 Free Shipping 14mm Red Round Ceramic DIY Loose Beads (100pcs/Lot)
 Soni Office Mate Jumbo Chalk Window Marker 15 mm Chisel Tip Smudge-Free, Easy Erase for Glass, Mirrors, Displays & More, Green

==

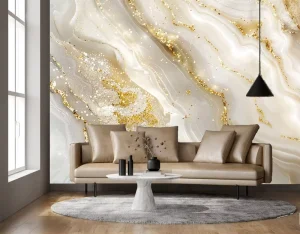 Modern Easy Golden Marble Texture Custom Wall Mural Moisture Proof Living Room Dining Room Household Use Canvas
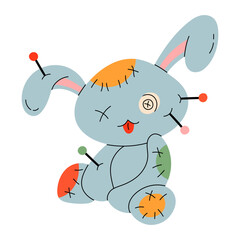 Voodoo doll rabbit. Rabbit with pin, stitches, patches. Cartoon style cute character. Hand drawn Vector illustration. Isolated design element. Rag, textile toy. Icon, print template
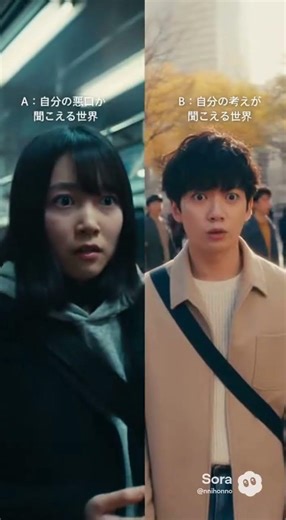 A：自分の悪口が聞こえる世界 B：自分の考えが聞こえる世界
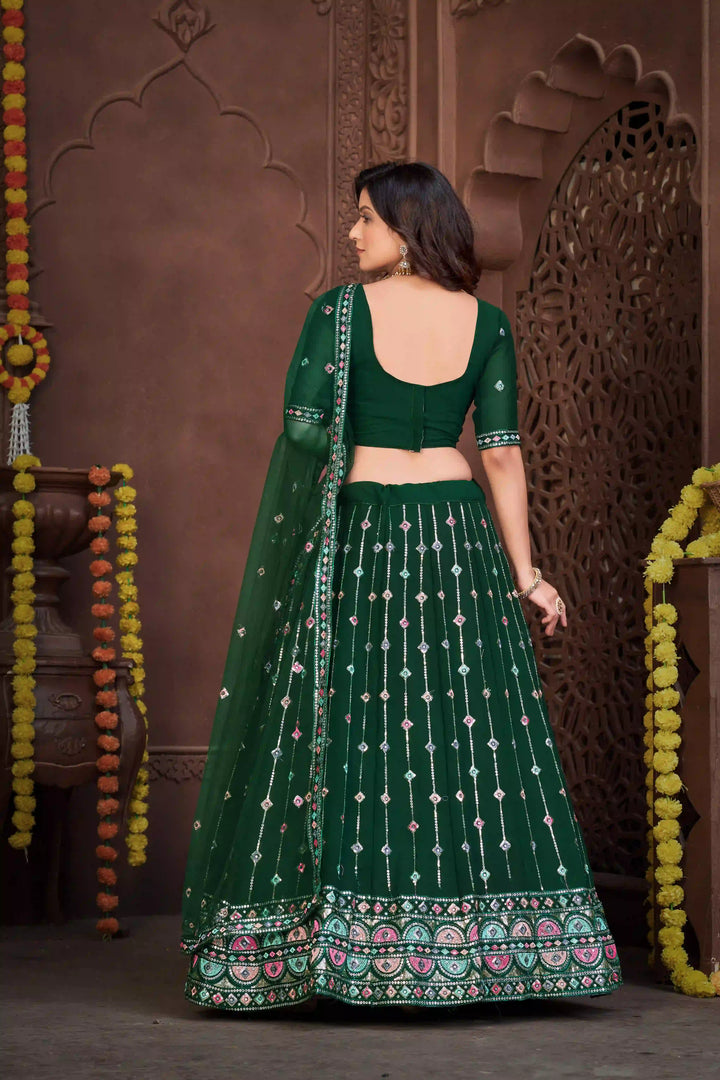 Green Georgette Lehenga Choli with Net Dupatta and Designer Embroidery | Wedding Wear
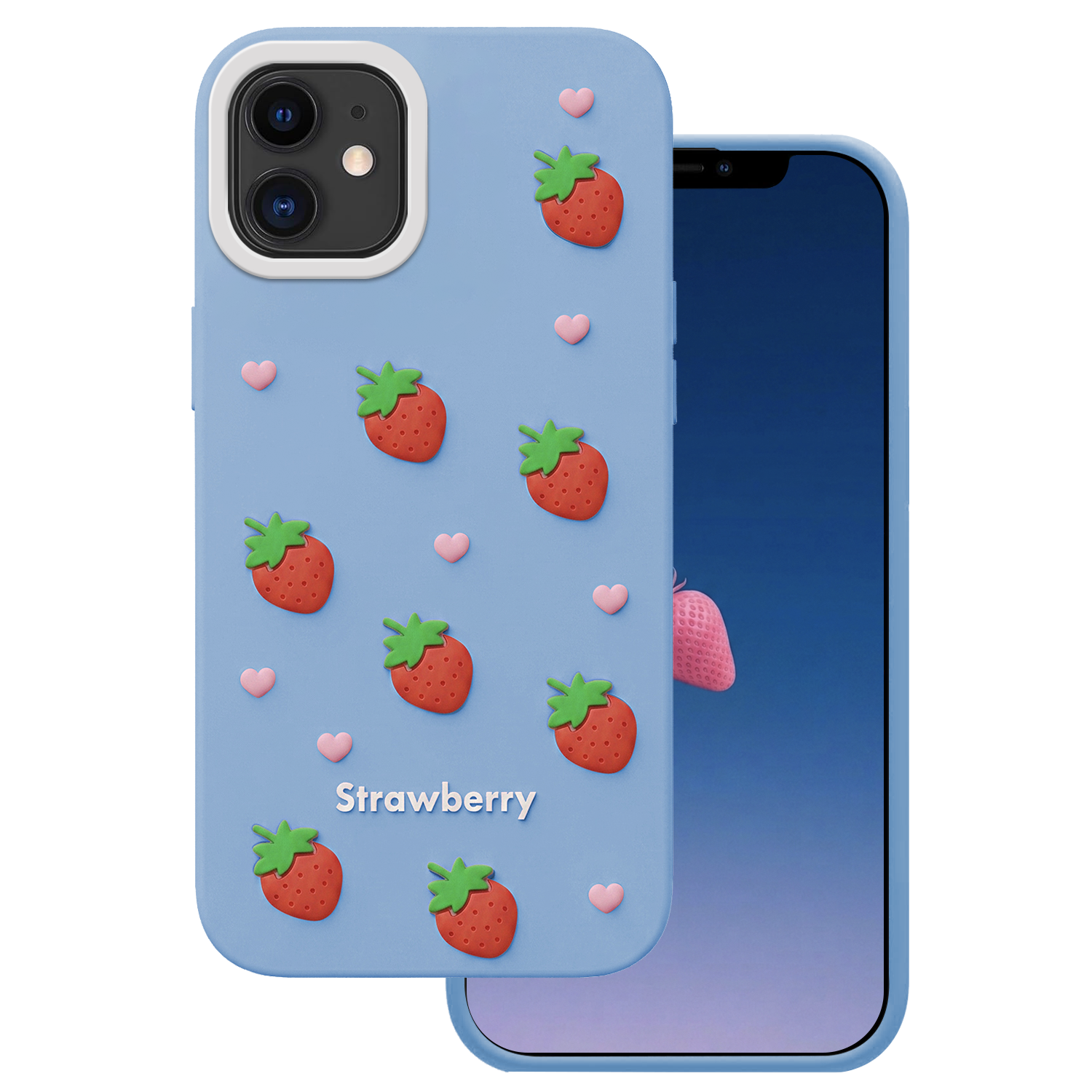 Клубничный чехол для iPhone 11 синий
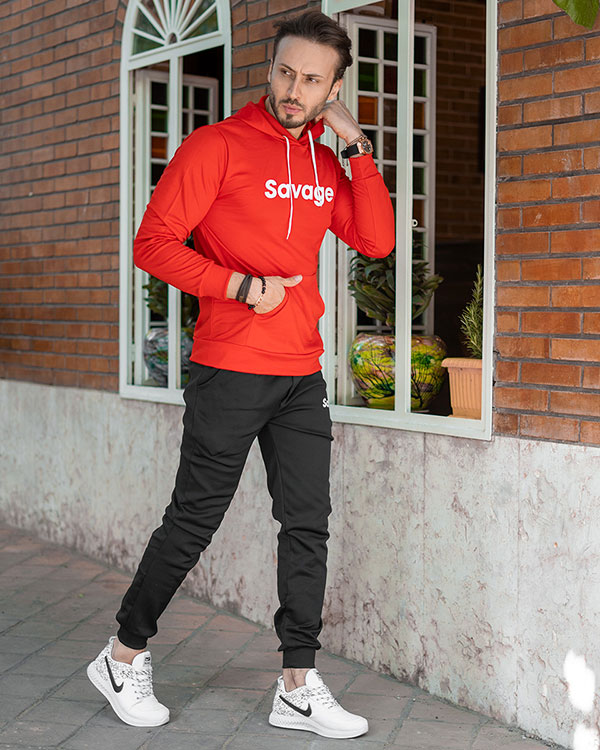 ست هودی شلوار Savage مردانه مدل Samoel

==

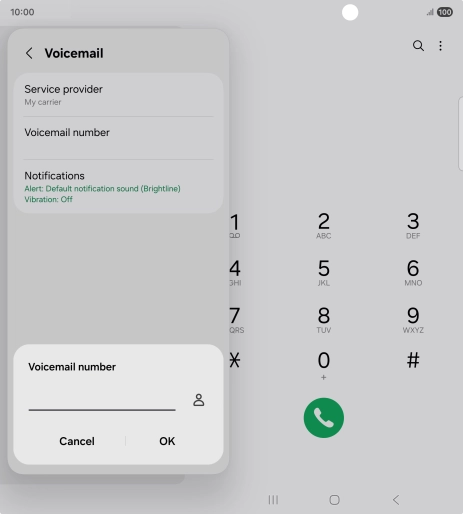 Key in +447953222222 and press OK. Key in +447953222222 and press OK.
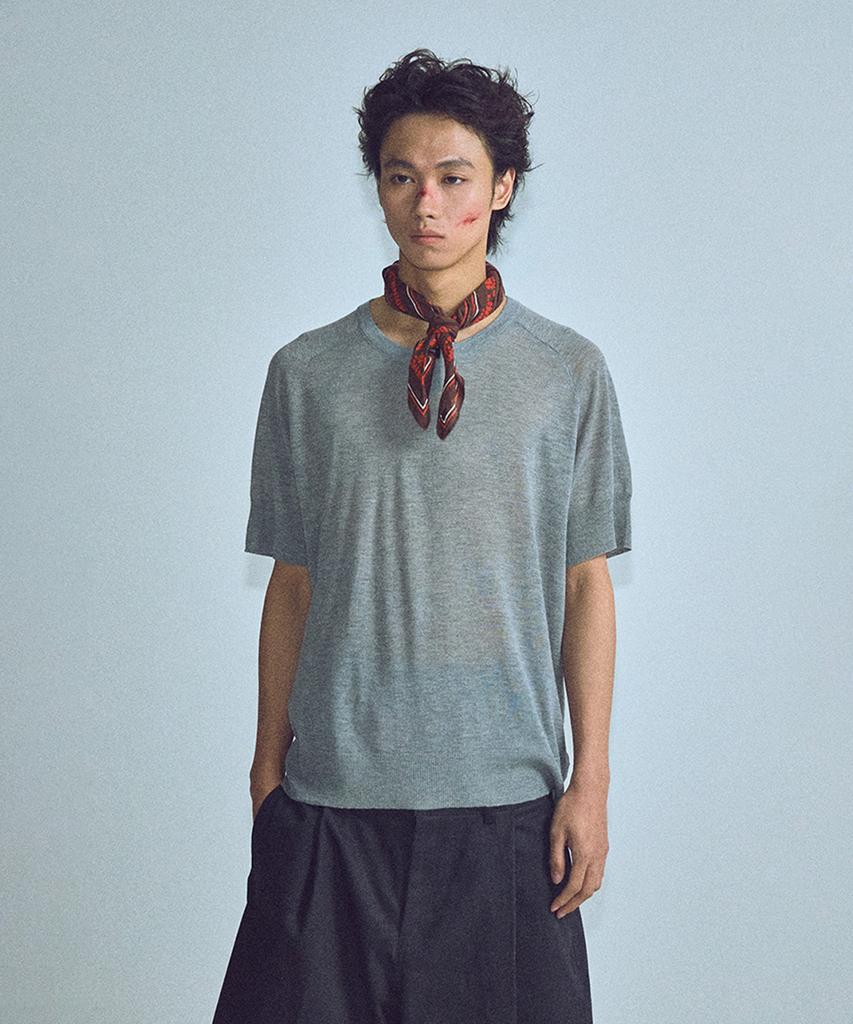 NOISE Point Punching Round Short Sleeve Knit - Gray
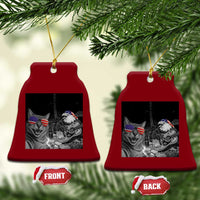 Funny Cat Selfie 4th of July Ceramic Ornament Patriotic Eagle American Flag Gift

◆ What the exercise asks
Your copy should hold only the lines above from the one containing "Клубничный чехол для iPhone 11 синий" through the one containing "ست هودی شلوار Savage مردانه مدل Samoel", exactly as written and free of pictures.

◆ Written response
 Клубничный чехол для iPhone 11 синий
 ست هودی شلوار Savage مردانه مدل Samoel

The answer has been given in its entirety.